Anyone who didn't grow up with the tradition might find it difficult to understand why this particular sketch became so popular. Its slapstick style is meanwhile outdated and the whole structure is, by today's standards, simple and repetitive. But nostalgia is, by definition, wanting to repeat and return to something that's outdated, in an idealized, simplified version — which makes the sketch a perfect candidate for a reassuring end-of-year ritual.

Ahead of the UK cinema premiere, the son of comedian Fred Frinton offered his explanation for the German tradition: "I think they see it as quintessentially English," Mike Frinton told the Scottish newspaper The Herald. "Here's this old lady hanging on to her colonial friends, and it's almost become like the Queen's speech. Just as you can't get on with Christmas Day without watching that [in the UK], in Germany you can't get on with New Year's Eve without seeing Dinner for One."

Read more: 10 German traditions on New Year's Eve

Same procedure…

Written by author Lauri Wylie in the 1920s, the Dinner for One sketch was originally performed in British music halls. Actor Freddie Frinton began to play James in 1954, and shortly thereafter May Warden took over the role of Miss Sophie, previously portrayed by her daughter Audrey.

In the early 1960s, German television producer Peter Frankenfeld and director Heinz Dunkhase saw Dinner for One in Blackpool and invited Frinton and Warden to fly back to Hamburg to record the sketch, using the relatively new technology of videotape, for a one-time broadcast in 1963.

Studio employees and in-house secretaries served as the live audience for the sketch about a butler who gets riotously drunk while serving food and drinks to his employer and her imaginary guests on her 90th birthday.

The running joke is that Sophie sits alone at the table because she has outlived all her male guests, who were her former lovers; the last was buried 25 years earlier. Butler James assumes the role of each "guest" to toast Miss Sophie with champagne, wine, port and so on throughout the meal. Before each toast, he asks plaintively: "Same procedure as last year, Miss Sophie?" to which she replies, "The same procedure as every year, James."

That line, "Same procedure as every year," (in the original English) has become a popular catchphrase in Germany.
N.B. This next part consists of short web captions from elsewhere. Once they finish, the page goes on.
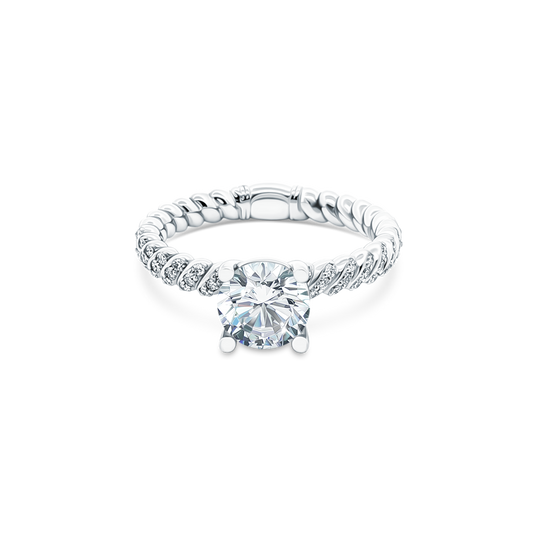 Precision Set Round Diamond Pave Engagement Ring — photo 1 of 3
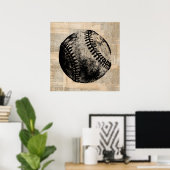 Vintager Baseball Art Illustration Newspaper Style Poster (Heimbüro)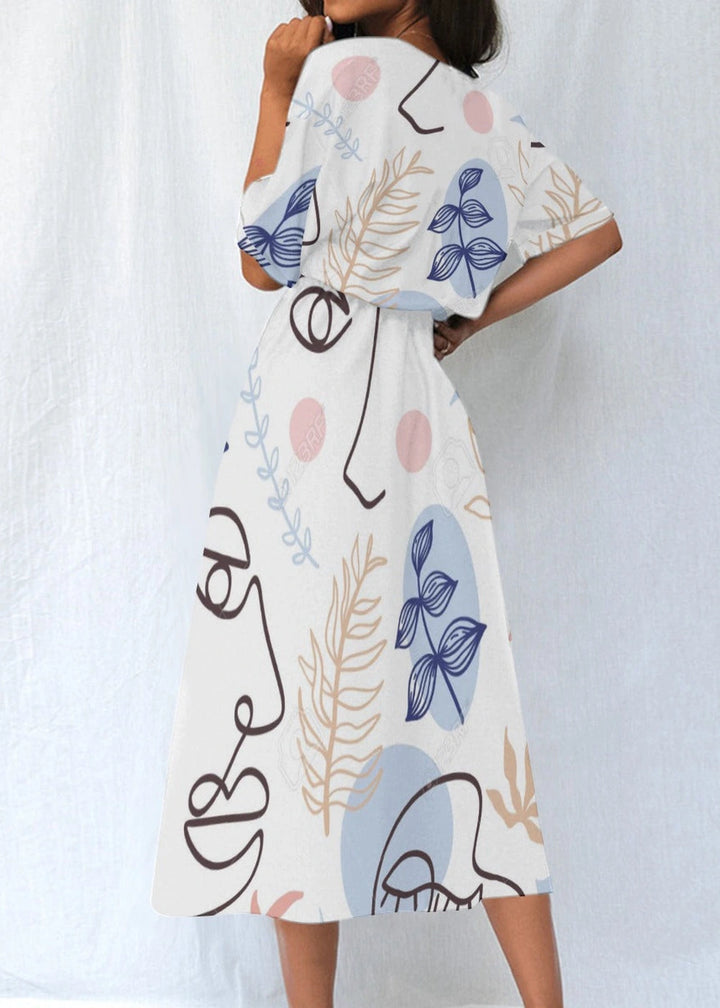 Polyester elastic waist dress with abstract print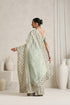 Bud Green Mirror Handwork Saree with Mirrior work Silk Blouse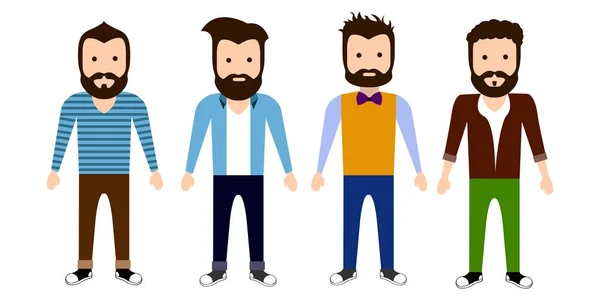 Set of hipster characters — Stock Vector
It is repeated one final time after dinner as butler James escorts Miss Sophie upstairs to bed, with Frinton leering knowingly at the audience and affirming, "I'll do my very best!"

An accidental New Year's tradition

In its first decade, the sketch was replayed only sporadically on German television. It was used as a New Year's Eve filler on the public television station NDR in Hamburg in 1972 and then quickly became a regular part of German New Year's Eve celebrations. The plot of the sketch has nothing to do with New Year's Eve.

Over the years, it became a cult classic in Germany — to the extent that it is shown on dozens of regional channels at some point over New Year and NDR shows it six or seven times during New Year's Eve, including a colorized version.

NDR recorded several different versions of the sketch, but the best-known is the 18-minute version, shot in a single take, with an introduction, or explanation, in German by announcer Heinz Piper. Swiss television invited Frinton and Warden to record its own, shorter, version of the sketch, which has also been broadcast for years on New Year's Eve.

The popularity of Dinner for One has also spread to other countries, particularly Scandinavia, where it has also become an end-of-year tradition. It was even shown on East German television, beginning in 1988.

A silly moment of merriment

Frinton was a master at playing comic drunks and had a huge following on British television in the 1950s. His career was in a lull when he taped the German version of his popular sketch. He died of a heart attack at 59 in 1968, before the many reruns of the sketch made him a household name in Germany.

Warden died 10 years later, three years before what would have been her own 90th birthday.